Migrating from WordPress to Next.js: A Field Guide

How to move a content site off WordPress and onto Next.js without wrecking your SEO, your content, or your weekends.

WordPress is a fine place to start and an expensive place to stay. Once a site is mostly articles, the database, the plugins and the monthly bill stop earning their keep, and you start paying in performance, in security patching, and in a vague background anxiety every time you log in. Next.js, rendered to static pages on a CDN, removes all three. The catch is the move itself: done carelessly, a migration can erase years of accumulated search authority in a single afternoon.

This is the guide I wish I had before I migrated a live, bilingual site. It is deliberately generic. Your stack will differ in the details, but the shape of the problem, and the order in which you should solve it, does not.

The one rule that governs everything: preserve your URLs

Before you choose a framework, internalise this: every URL that search engines have indexed must keep returning content at the same address, byte for byte. Not "roughly the same". Identical. A path that was /my-article/ must not become /blog/my-article/ or /articles/my-article. A trailing slash that was there must stay there.

Why so strict? Because every indexed URL is a small deposit of trust built up over time: backlinks point at it, search engines rank it, browsers have it bookmarked. Change the address and, at best, you depend on 301 redirects to pass that trust along (lossy, and only if you get every single one right). At worst, you serve a wall of 404s and reset to zero.

So the migration is not really "rebuild the site". It is "rebuild the site under a fixed URL contract". Everything below is arranged around honouring that contract.

Two mechanical safeguards make it enforceable:

Trailing slashes. If your old URLs end in /, set trailingSlash: true in next.config.mjs and never think about it again. A mismatch here alone can trigger a sitewide redirect wave.
Encoding. If you have non-Latin slugs (Arabic, Cyrillic, CJK), search engines indexed the percent-encoded form. Store the slug decoded on disk, normalise it to Unicode NFC, and emit encodeURIComponent on the wire so your canonical, hreflang and sitemap match what was indexed exactly.

Step one: audit before you touch any code

The most dangerous thing in a migration is a confident assumption. Folder names lie, plugin exports lie, and your own memory of "what's on the site" lies. So begin with ground truth, derived from the files, not from the dashboard.
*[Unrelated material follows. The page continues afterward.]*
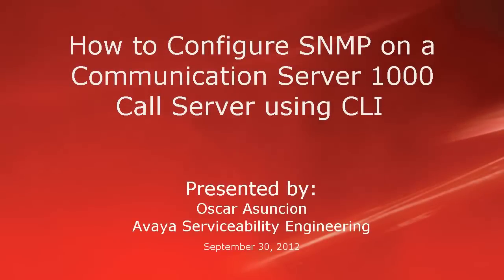Hello, my name is Oscar Assuncion with the Avaya Serviceability Engineering team. This video describes how to configure SNMP on a Communication Server 1000 call server using the command line interface.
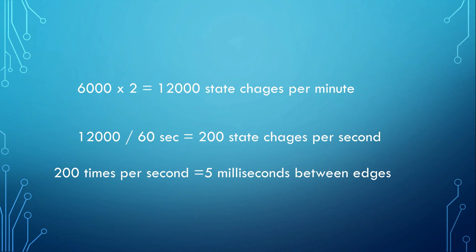So, I will have 6000 times two state changes per minute, which results in 5 milliseconds between two edges. The shortest time we have to be able to measure is 5 milliseconds.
Produce a complete inventory:

Every URL. Walk the live site or its static export and list every address that returns a page: posts, pages, category archives, tag archives, pagination, feeds. Mine ran to roughly 560 URLs once tags and paginated archives were counted, far more than the "forty-odd articles" I had in my head.
The real content model. How many posts actually exist, and what is each one's canonical address? Do not infer language or relationships from directory names. I learned this the hard way: a dozen directories that looked Arabic were in fact the default-language record of posts that simply had non-Latin titles.
The gap between what you advertise and what exists. Audit quality, not just presence. On my site, the CMS advertised a full second language via hreflang, but nearly half of those pages were untranslated fallbacks: the English body wrapped in translated navigation. Carrying that forward unchanged would have meant publishing duplicate, mislabelled content. You cannot make a good decision about a page you have not actually measured.

Write this down as a table. It becomes the specification the rest of the work is checked against.

Step two: choose an architecture that fits the contract

A few decisions, made once, save you from fighting the framework later.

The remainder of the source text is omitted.